With less money in the public sector, this will inevitably affect its suppliers in the private sector, from the people who make aircraft to the people who make the screws that hold aircraft together. Whilst budgets will be tighter for everyone, projects are still out there for those with the right capabilities. The key is going to be in the quality that companies can provide. We can’t compete with cheaper countries on cost, but we can compete on quality and ingenuity and there are plenty of companies out there who still have live projects, who need high quality manufacturing and high quality materials which can be done by UK Companies.
The second point, particularly for smaller businesses, is being able to offer a broad service. If skills are transferable, companies need to look at what else they can offer. If money is dropping out of defence, companies can transfer their capabilities to private aerospace or further afield to areas where there is expected growth, such as low carbon technology and green energy.
For those with exciting profitable ideas this is a real opportunity to develop them. As money is drained from the public sector, there will be an increasing expectation on the private sector to spot opportunities, develop profitable new products and recruit people into their industry. For those with the ideas and the drive to do this, there is a real chance to help lead the country back to financial stability.

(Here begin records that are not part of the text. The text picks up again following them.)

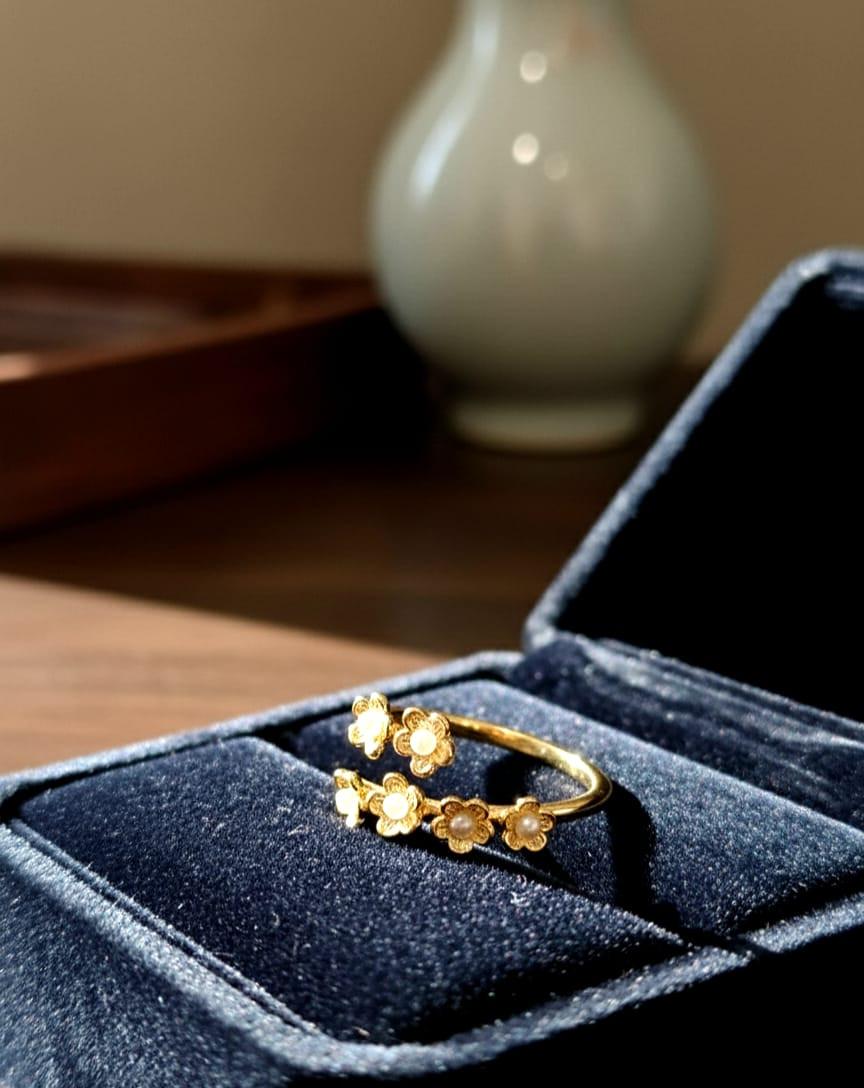 Adjustable Ring, Gold Plated with Pearl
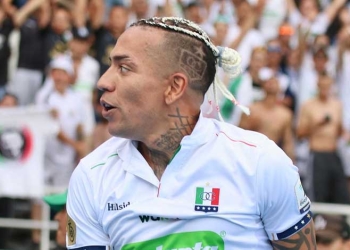 Dayro Moreno, la avivada sobre Aldair Quintana y otros goles récord con Once Caldas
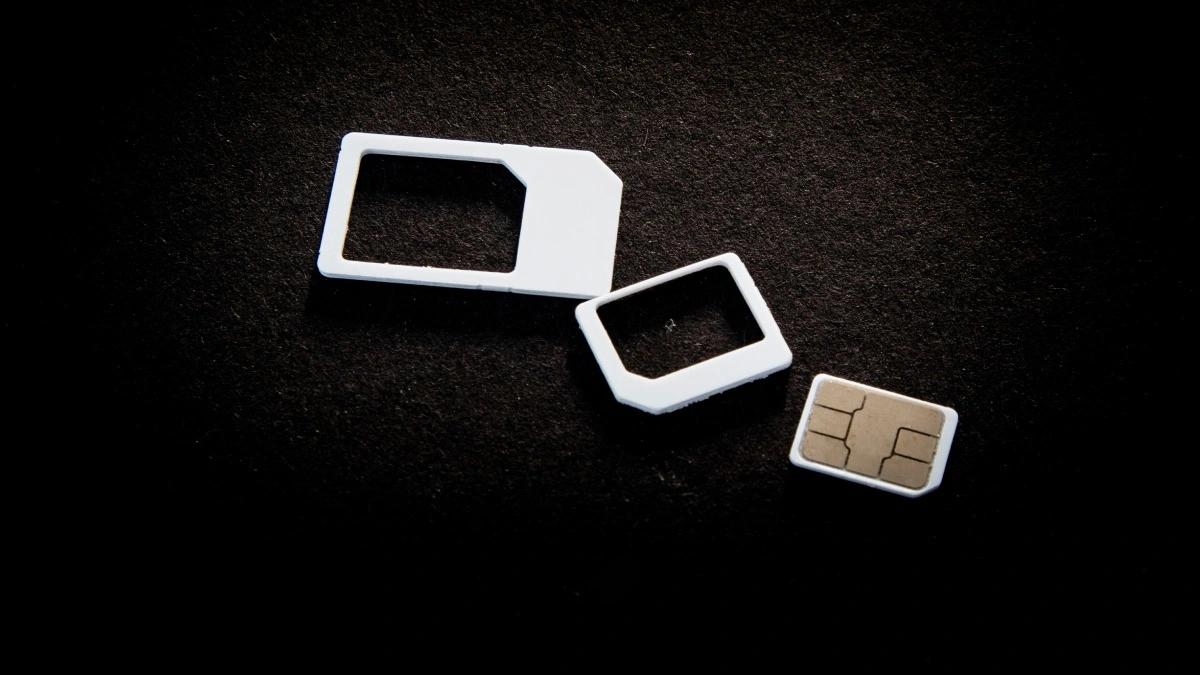 Polacy przenoszą numery jak źli. Ten operator to lider 2025 roku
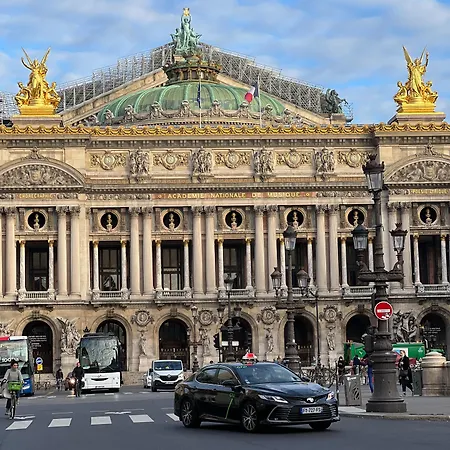 Margaux Opéra Montmartre 3* París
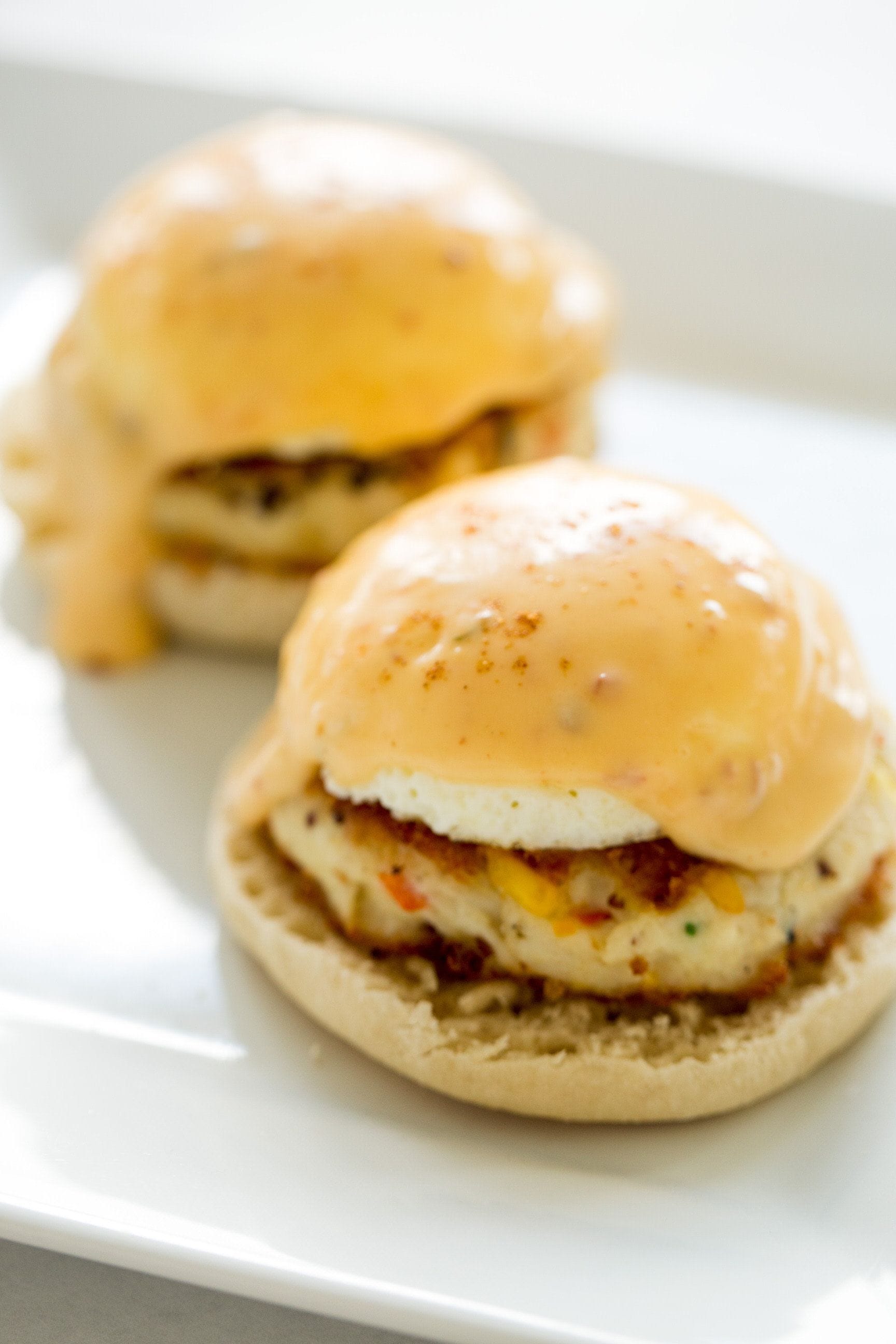 Dos sándwiches de desayuno sobre un plato blanco.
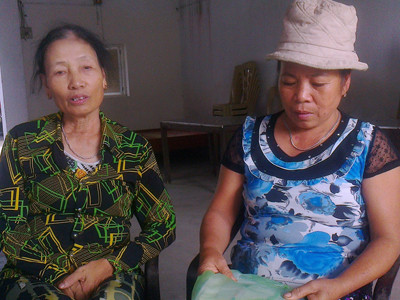 Hai trong số hàng trăm nạn nhân tố bị bà Vững chiếm đoạt tiền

Chief executive Maria McCaffery MBE:
“Retaining the ports fund will give the industry a huge boost and establish the UK as a major force in renewable energy manufacturing. Signals from Government are positive that the £60 million will be retained as part of the ‘£200 million for the development of low carbon technologies including offshore wind technology and manufacturing at ports sites’ in part 1.4 of the Spending Review.”
Director of policy, Gordon Edge:
“The announcement of the Green Investment Bank is an important signal of the Government’s commitment to developing a low-carbon economy. However, it’s important to recognise that at the proposed level of capitalisation the GIB will not have sufficient funding to support the hundreds of billions of pounds of investment necessary to construct the energy infrastructure the UK will require over the next two decades. It’s crucial that a stable policy framework is put in place to secure that investment from the private sector.”
Graham Payne, managing director of Darchem Engineering:
Darchem Engineering manufactures both defence and nuclear industry products, including air intake and exhaust systems and folding fire barrier doors for the aircraft carriers. It has orders for the carrier programme (where both ships have been retained) worth about £11m.
“We’re delighted,” says managing director Graham Payne.
“We supply products to both carriers. The business employs about 20 people in design, engineering and quality – the news that both carriers are retained is a big win. The total contract for both projects will probably last us until about 2014. Work can now start in earnest on Boat 2.”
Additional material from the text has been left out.